The ruling invalidates the murder indictments of three Glendale teenagers of Armenian descent accused of killing a Latino Glendale High School youth a year ago in an ethnic gang confrontation. Authorities say the slain youth was not a gang member, but died when he tried to break up a fight.
Drafters of the controversial ballot measure specified that minors accused of certain crimes be “prosecuted under the general law in a court of criminal jurisdiction” and required as well that the accusatory pleading be filed by the “prosecuting officer.”
The language was widely seen by proponents and critics during the campaign for the March 2000 initiative as providing new authority for prosecutors, rather than judges, to make the decision of whether to select juvenile or general criminal court. But Mallano said the choice of the words “prosecuting officer” also indicated that the grand jury could not initiate the process.
“An indictment is an ‘accusatory pleading…’, but it is the foreperson of the grand jury, not the district attorney, who presents it to be filed,” Mallano said. “Nor is there any precedent for designating the foreperson of the grand jury a ‘prosecuting officer.’”
The ruling serves to put judges back into the equation, although it does not restore their prior absolute power to determine when a youth could be tried in adult court, subject to the full impact of adult penalties, or in juvenile court, with penalties that lapse once the most serious offenders reach their mid-20s.
The state Supreme Court is currently reviewing a Fourth District Court of Appeal decision from February that struck down the key provision of Proposition 21. The appeals court said it was an unconstitutional breach of separation-of-powers principles to give prosecutors the inherently judicial power to decide whether youths should be sent to juvenile court or tried in adult criminal courts.
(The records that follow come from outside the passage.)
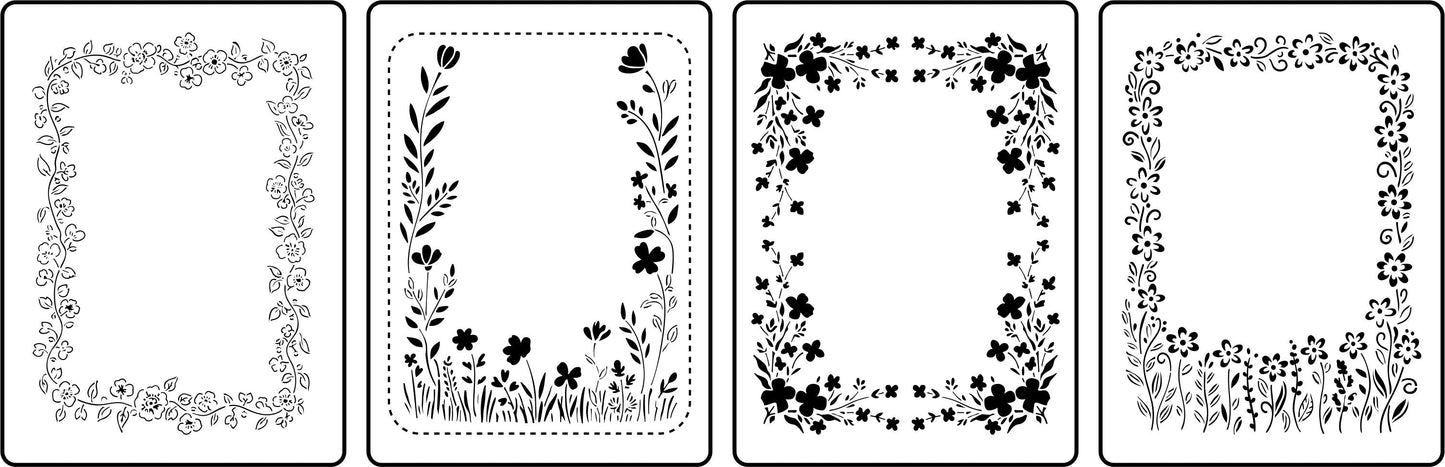 Floral Frames | Black Friday 2025 JRV Stencils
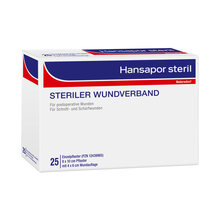 Abbildung: Hansapor steril Wundverband 8x10 cm 25 St, Verband PZN 12439988 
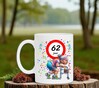 foto 4 De ultieme humoristische mok leeftijd 62 jaar voor een vrouw voor een onvergetelijke verjaardag!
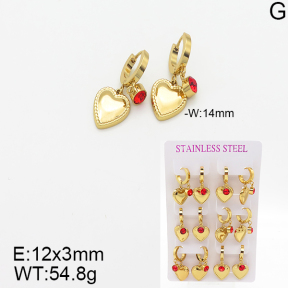 Stainless Steel Earrings  5E4001867vhpo-446
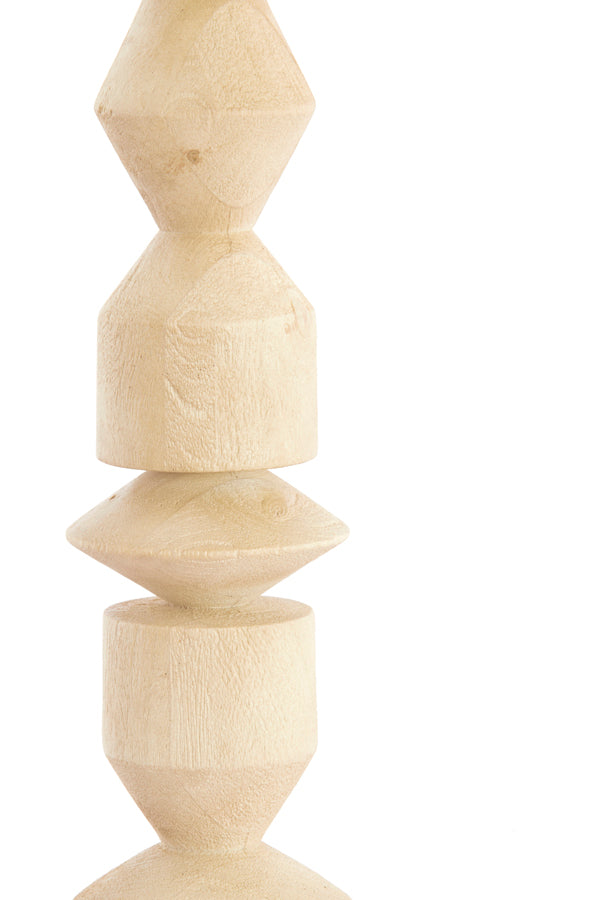Lamp base 15x53 cm EDIE wood matt natural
The court said choice of the court was less a prosecutorial charging decision and more a judicial choice of sentencing scheme.
Just two weeks after the Fourth District decision, this district’s Court of Appeal agreed to hear arguments that defendants Rafael Gevorgyan and Anait Msryan were improperly charged in grand jury indictments. The indictment was not affected as to co-defendant Karen Terteryan, who was accused of personally committing the offense.
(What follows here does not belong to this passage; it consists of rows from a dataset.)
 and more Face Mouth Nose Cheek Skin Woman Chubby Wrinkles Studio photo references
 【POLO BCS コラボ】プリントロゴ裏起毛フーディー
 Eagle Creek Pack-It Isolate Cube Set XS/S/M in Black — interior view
Prosecutors initially charged all three with first-degree murder but dropped their charges after obtaining the indictments. Superior Court Judge Larry Fidler ruled that minors could not be indicted.
Preliminary hearings are conducted in open court, with the counsel present for the defendant, and proceed under the watchful eye of a Superior Court judge. Grand juries, although traditionally perceived as acting only at the behest of the prosecutor assigned to “assist,” are officially independent bodies and conduct their investigations behind closed doors, without defense counsel present and without a judicial officer.
Mallano did not focus on the role of the judge in presiding over the charging decision, but instead emphasized the wording of Penal Code Sec. 602(b), requiring that certain minors be “prosecuted under the general law in a court of criminal jurisdiction,” and Sec. 707, which states that for minors not charged under Sec. 602 “the district attorney or other appropriate prosecuting officer may file an accusatory pleading.”
Under Sec. 602(b), which affected Terteryan, mandatory direct filing applies only when the prosecutor alleges that the suspect personally committed the offense, Mallano said. Despite the close relationship between the prosecutor and the grand jury, he stressed, the grand jury’s indictment is not the prosecutor’s allegation.
Sec. 707, affecting the other two defendants, specifically references the district attorney or other prosecuting officer—again, Mallano said, leaving out the grand jury.
The justice rejected prosecutors assertion that the 1991 case of People v. Aguirre establishes that juveniles may be indicted. Aguirre stands only for the proposition that the statute of limitations for an accused juvenile runs from the time of the indictment, he said.
The case is People v. Superior Court, Gevorgyan, RPI, B147799.